Şehrin ortak aklı uyuyor.
Umarım ortak akıl bir gün uyanır da elden giden Sakarya'ya sahip çıkar.
…….
Büyük yanlıştan dönüldü
SATSO Başkanı Akgün Altuğ Mobilya İhtisas OSB'nin Dernekkırı'nda kurulmasından vazgeçildiğini söyledi.
Bence doğru ve yerinde bir karar.
Dernekkırı'nda Mobilya OSB kurulması konusunda kamuoyunda hiç tartışılmadan bir oldu bittiyle girişimde bulunulmuştu.
Sanayi ve Ticaret Bakanlığı'na yapılan başvuru sonrasında kamuoyu bu girişimden haberdar oldu.
Ziraat Odası Başkanı Hamdi Şenoğlu'nun yerinde çıkışları, bizim ısrarlı yayınlarımız ve en önemlisi bölge halkının tepkileri sonrasında geri adım atıldı.
SATSO Başkanı Akgün Altuğ oluşan bir ortak akıl sonucu Mobilya OSB için Ferizli ve Kaynarca alternatiflerini düşündüklerini söylemiş.
Keşke Altuğ bu ortak aklı Sanayi Bakanlığı'na başvurmadan önce düşünseydi.
….
Hocalara özel yemekhane
Sakarya Üniversitesi Tıp Fakültesi ile Eğitim ve Araştırma Hastanesi'nin ortak kullandığı Korucuk Hastanesi'ne özel bir yemekhane yapıldı.
Binada çok modern bir yemekhane olmasına rağmen Dekan Prof. Dr. Osman Nuri Dilek on binlerce lira harcayarak terasa yeni bir yemekhane yaptırdı.

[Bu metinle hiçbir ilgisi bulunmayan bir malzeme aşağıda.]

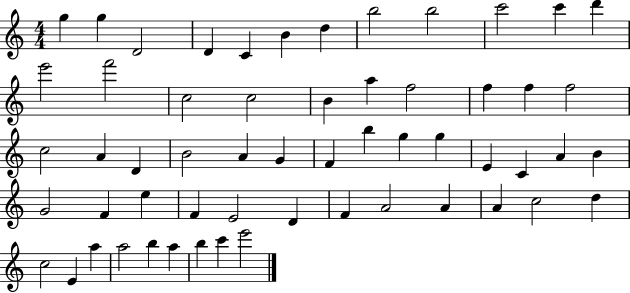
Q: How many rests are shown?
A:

Burada sadece hocalar yemek yiyecek.
Kendilerini ayrıcalıklı kişiler olarak gören hocalar, diğer doktorların giremediği bu bölümde yemeklerini yiyecekler.
Ben merak ediyorum;
Acaba bu yeni yemekhane için hastane projesinde tadilat yapılıp, inşaat ruhsatı alındı mı?
…
Kış soğuk geçmek…
Beyaz göçmen, Kanada'nın uçsuz bucaksız ormanlarında bir kulübe yapmış, kışa hazırlanıyordu. Bir gün odun keserken yanından bir Kızılderili geçti.
"Hey Kızılderili", diye seslendi, "Bu kış nasıl olacak?"
"Soğuk!" dedi Kızılderili ve yoluna devam etti.
Yerlilerin doğa bilgisine büyük güven duyan göçmen epey endişelendi ve her ihtimale karşı daha fazla odun kesti.
Akşam Kızılderili tekrar geçerken, "Hey arkadaş," diye bir kez daha seslendi. "Kış gerçekten çok mu soğuk geçecek?"
"Çok hem de çok soğuk," dedi Kızılderili ve yoluna devam etti.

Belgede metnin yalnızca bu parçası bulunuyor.